Nikki pokes the side of my mouth with a spoon full of comfort, and I let out a weary laugh before accepting the bite.
She snuggles deeper under the blanket with me on the couch in her apartment where we’ve camped out for the day. We’ve got the place to ourselves since Matt is meeting his brother Jack after work. “See? Isn’t that better?”
Chewing, I nod, because she’s trying so hard, and I don’t want her to feel like a failure. The truth is, nothing is going to make me feel better. It’s been three days since I left Jason standing on the street outside the Henley, since the blow up with Connie, since my life went into a tailspin. Three days since I went more than three hours without giving into a bout of tears.
Big brown eyes cut to mine, and Nikki frowns. “I heard that sigh. You’re still miserable.”
“Only a little.” I miss Jason. I miss the way I felt when we were together. And I miss that brief sense I had that I’d found my spot in the world. “It’s stupid. We were only together for a few weeks.”

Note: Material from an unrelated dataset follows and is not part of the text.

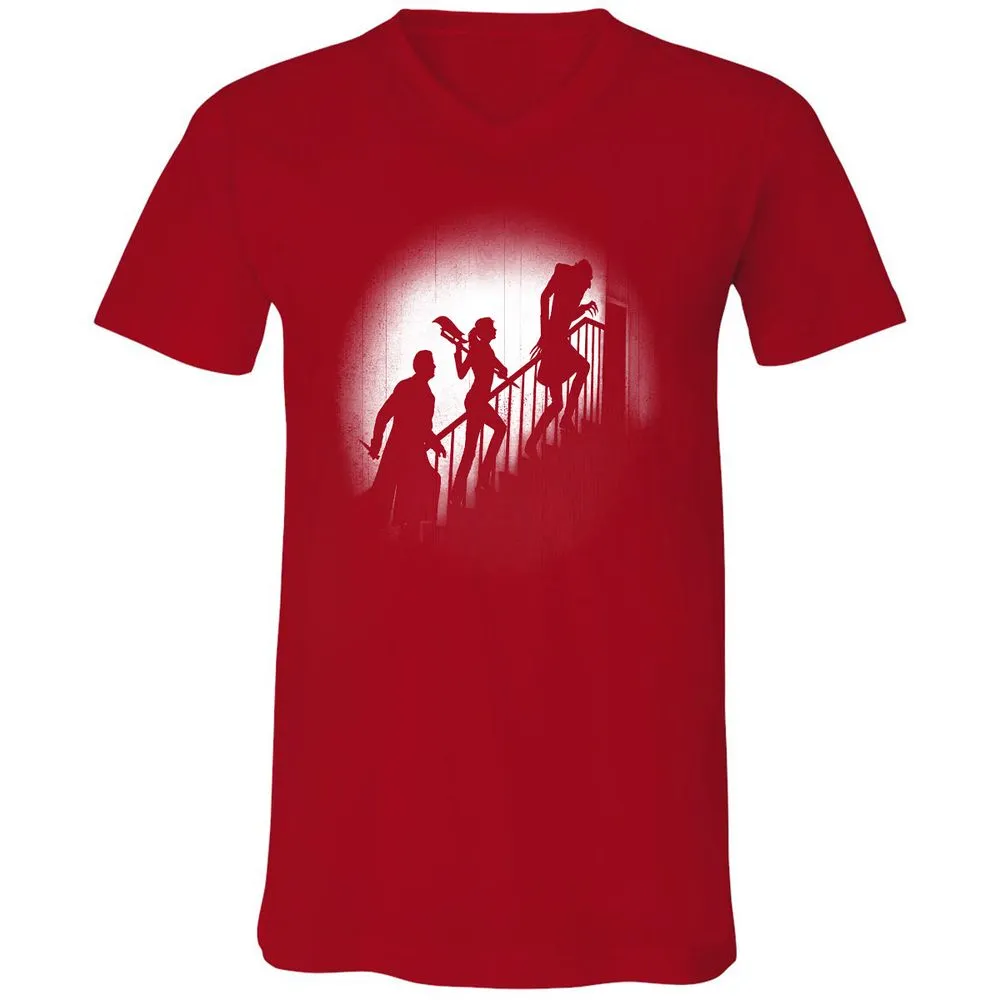 Unisex V-Neck T-Shirt - HCH9TXTT - Red - 3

“It’s not stupid. And it wasn’t a few weeks. This thing between the two of you has been going on for two years. Which is why when you two finally happened, it got serious fast. Your heart had been waiting years for that fucker.”
I laugh, but it hurts and now I’m crying again.
If anyone could relate to a runaway heart, it’s Nikki. She and Matt are solid now—so sickeningly in love, you can’t be around them without smiling so hard your cheeks hurt—but it wasn’t always like that. They’d been friends. Best friends for years. And Matt had no idea that she’d been in love with him. To say they’d had a rough start would be an understatement.
/> But she’s right about my heart waiting for him. All those months when he’d been pushing me away and I’d been trying to build a wall between us, my heart had still given a little lunge every time he entered the room.
And when we finally got together, I tried to play it cool, but my heart just couldn’t hold back, dashing right past the defenses I’d been putting up. Because it wanted him.
Resting my head on Nikki’s shoulder, I take a shuddering breath. “He’s not a fucker.”
If we’re name calling, Asshole has been my go-to, but that doesn’t feel right either. Nothing does. Maybe because I still haven’t totally gotten my head around what happened. How we could have gone from everything being so right, Jason and I on the brink of love, to the news about the groom dropping like a bomb. And then one awful conversation after another.
“Maybe my marriage would have been better if I hadn’t known.”
“Stay through the wedding, but then I’d like you to leave.”
“You’re done.”
I’d barely been holding it together after the ceremony, counting down the seconds until Jason got back. All I wanted was to bury my face in his chest and feel his arms around me. All I needed was two minutes of him giving me the benefit of the doubt, a shred of understanding.
But just like the last time I’d made myself vulnerable to him, all he had for me was a cold, disapproving stare as he let the doors close between us, shutting me out.
And then he ran through the garden, chasing down my cab and begging me to talk to him.
But only because he didn’t understand how I could do it.
I’d trusted in Jason. He just couldn’t trust in me.
Saturday, July 11th
Jason
The week since Laine slipped out of my life has been torture. At first, I tried asking myself if maybe this was better. If I’d somehow managed to dodge a second bullet and watching her drive away without an explanation was the wake-up call I’d needed.